Anderson's report prompted the Intelligence Bureau to raise a series of questions. On April 2, 1946, these were listed out as a re-interrogation of Rahman was planned.

On April 10, Anderson informed the IB about the outcome of Habibur Rahman's re-interrogation, now carried out by Capt Habibullah Malik.

Malik had observed in his report that "throughout the protracted questioning, resentment was visible from B1269's (Rahman's) face and he made no bones about it". 

"The results obtained are far from satisfactory and do not take us much further from the original position," he wrote.

Malik detailed that "Habibur Rahman has shown little cooperation during the course of this re-interrogation" and that he was taking recourse to an "attitude of ingenuous denials under the cloak of forgetfulness". He even observed that Rahman was taking an "undue advantage…of his stuttering habit".

After Rahman was released, he was questioned at length by Mahatma Gandhi and ace lawyer and Subhas Bose's elder brother Sarat Bose, the man he knew his brother more than anyone else. While Gandhiji made a public statement that Rahman convinced him about the veracity of the Taiwan death theory, his private statements showed otherwise. In fact, a letter written in July 1946 on his behalf to an eminent American stated his belief that Bose was in Soviet Russia. 

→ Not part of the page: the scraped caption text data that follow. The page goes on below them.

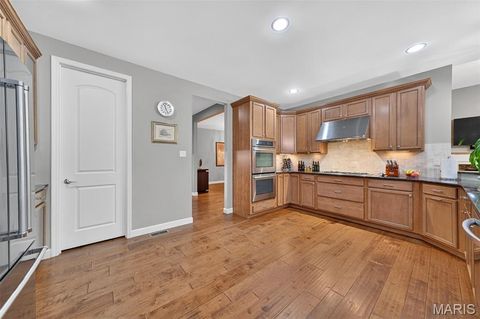 Tiny photo for 14623 Kendall Ridge Drive, Chesterfield, MO 63017 (MLS # 25076250)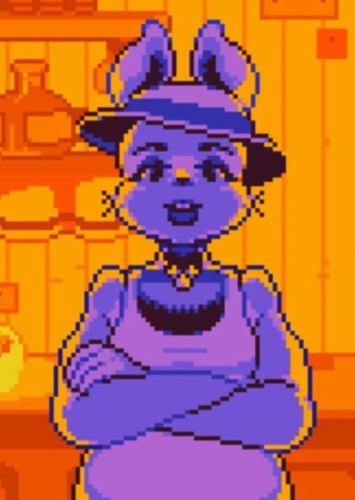 Snowdin Shopkeeper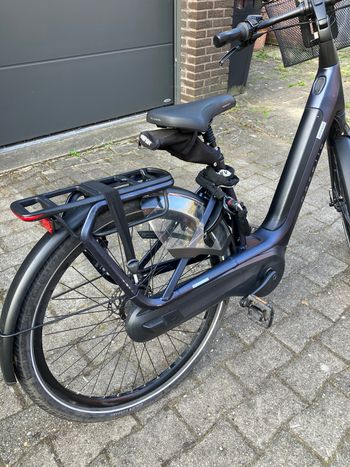 Używany Gazelle Avignon C8 HMB 2024 Urban — zdjęcie 7 z 7
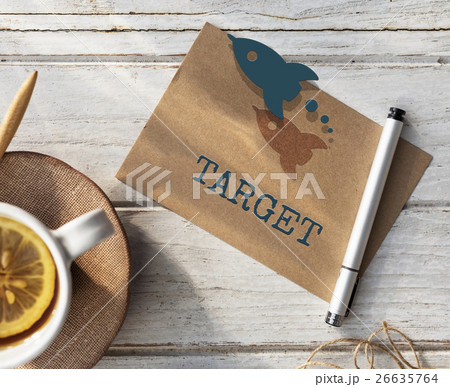 Target Strategy Imagination Inspiration Concept Target Strategy Imagination Inspiration Concept 26635764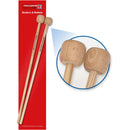 Percussion Plus PP081 professional mallets for xylophones
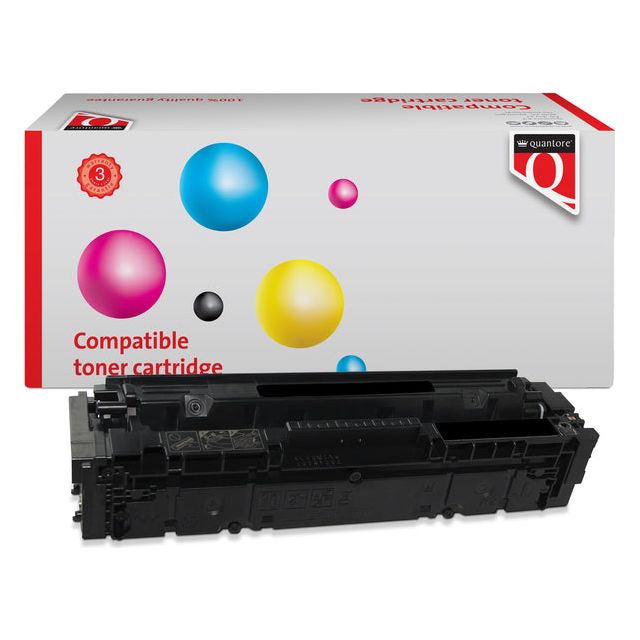 Quantore - Tonercartridge pour HP W2210X noir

As for Sarat, he made a public statement sometime before he passed away in 1950 that as per his impression Rahman "had orders from his chief to keep his whereabouts a closely guarded secret".

In our times, two of Sarat's grandsons, Harvard University don Sugata Bose and London-based former journalist Ashis Ray, are doing all that they can to cover-up their grandfather's assessment about Netaji's fate. Incidentally, both have a link to the Congress party.